NCES has contracted Educational Testing Service (ETS), the NAEP cognitive item developer to carry out the pretesting activity described in this package. ETS and EurekaFacts, an ETS sub-contractor, will recruit participants and conduct the pretesting. ETS will recruit participants and conduct play testing (and possibly cog labs1), while Eureka Facts will recruit and conduct cog labs and tryouts.
Interested participants will be screened to ensure that they meet the criteria for participation in the pretesting activity (e.g., their parents/guardians have given consent, they are from the targeted demographic groups, etc.). When recruiting participants, <ETS, EurekaFacts> staff will first speak to the parent/guardian of the interested minor (or the over age 18 participant) before starting the screening process. During this communication, the parent/guardian will be informed about the objectives, purpose, and participation requirements of the data collection effort as well as the activities that it entails. After confirmation that participants are qualified, willing, and available to participate in the research project, they will receive a confirmation email/letter. Informed parental consent will be obtained for all respondents who are interested in participating in the data collection efforts. See appendices for screeners and consent form documents.
Play Testing
ETS will recruit students from a range of demographic groups. Students will be recruited from districts that are located near the ETS campus in Princeton, New Jersey for scheduling efficiency and flexibility. Students may participate in play testing sessions only after receipt of written consent forms from their parents or legal guardians.
ETS will recruit students using existing ETS contacts with teachers and staff at local schools and afterschool programs for students.
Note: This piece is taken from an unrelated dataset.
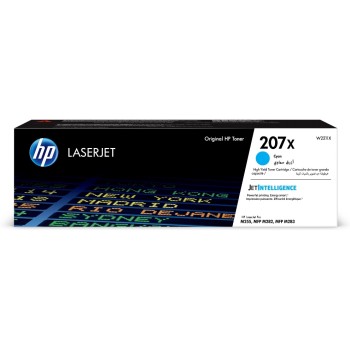 HP Toner 207X - Cyan (W2211X), Seitenkapazität ~ 2'450 Seiten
Email, letters, or phone calls will be used to contact these teachers/staff, and paper flyers and consent forms for students and parents will be distributed through these teachers/staff. During this communication, the parent/guardian will be informed about the objectives, purpose, and participation requirements of the data collection effort, as well as the activities that it entails. Confirmation emails and/or letters will be sent to participants. Only after ETS has obtained written consent from the parent/guardian will the student be allowed to participate in the play testing session. Appendices A-K provide sample recruitment materials that will be used by ETS2.
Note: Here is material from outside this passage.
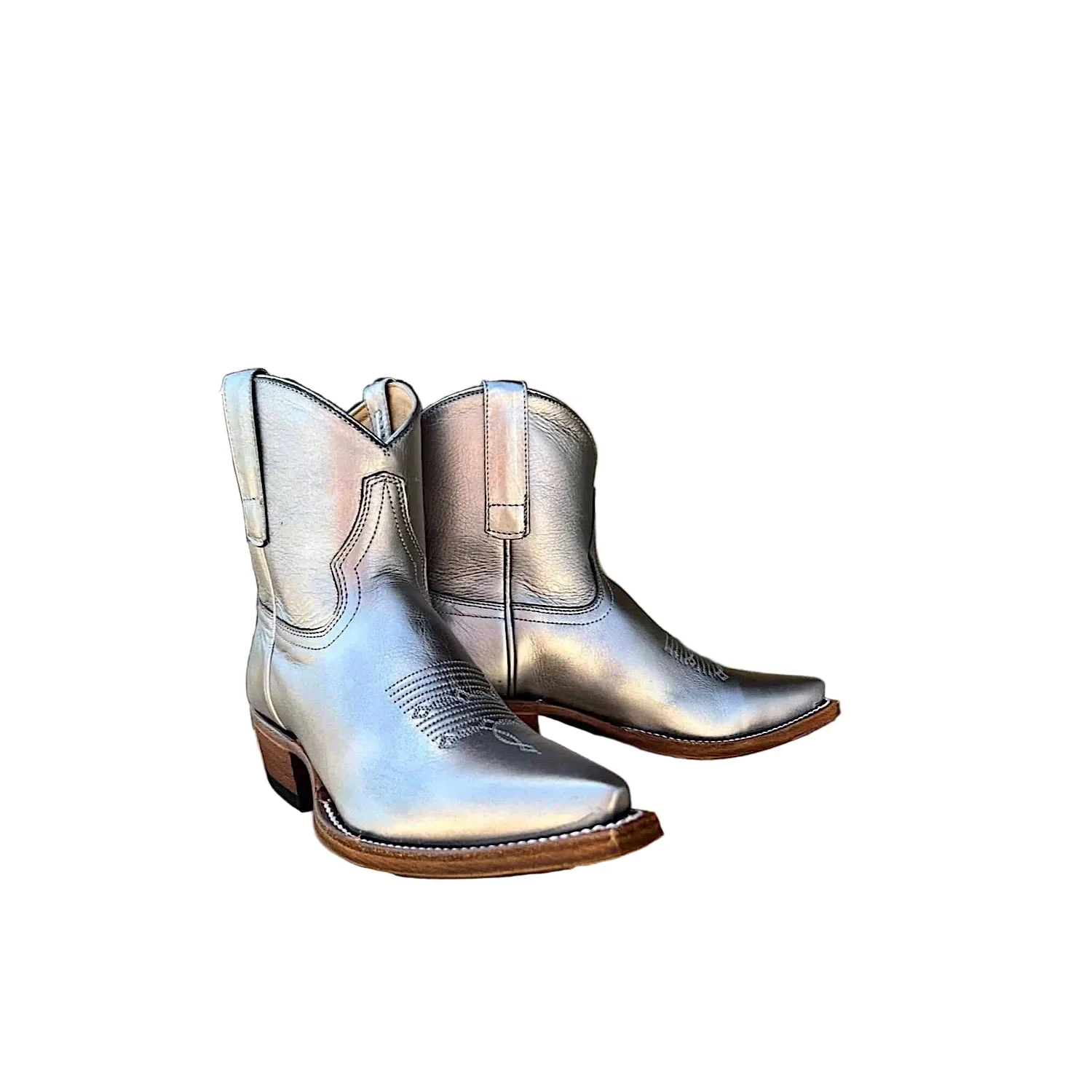 Macie Bean Women's Pedal To The Gunmetal Shorty Boot - Gunmetal Metallic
Five students will be convened per grade for each task; five students per grade should be sufficient at the play testing stage given that the key purpose is to identify usability errors and other construct-irrelevant issues.3 Based on prior experience with similar studies, it is anticipated that the same students will return to participate in multiple sessions. Therefore, play testing is expected to involve a minimum of 20 and maximum of 60 students across the grades and subjects.
Cognitive Interviews
For the cognitive interviews, students will be recruited by EurekaFacts (or ETS) staff from the following demographic populations:
A mix of race/ethnicity (Black, Asian, White, Hispanic);
A mix of socioeconomic background; and
A mix of urban/suburban/rural
If recruited by ETS, students will be recruited from districts that are located near the Princeton, New Jersey ETS campus for scheduling efficiency and flexibility. EurekaFacts will perform the recruiting for cognitive interviews from the District of Columbia, Maryland, Virginia, Delaware, and Southern Pennsylvania. EurekaFacts plans to conduct interviews in other venues beside their Rockville, MD site, such as after-school activities organizations or community-based organizations. This will allow them to accommodate participants recruited from other areas than Rockville, MD and ensure that the sample population is representative of different geographical areas (urban, rural, and suburban). This will also lessen participants’ burden. In all cases, a suitable environment such as a quiet room will be used to conduct the interviews and there will be more than one adult present. Appendices L-AK provide sample materials that will be used for the cognitive interview recruitments.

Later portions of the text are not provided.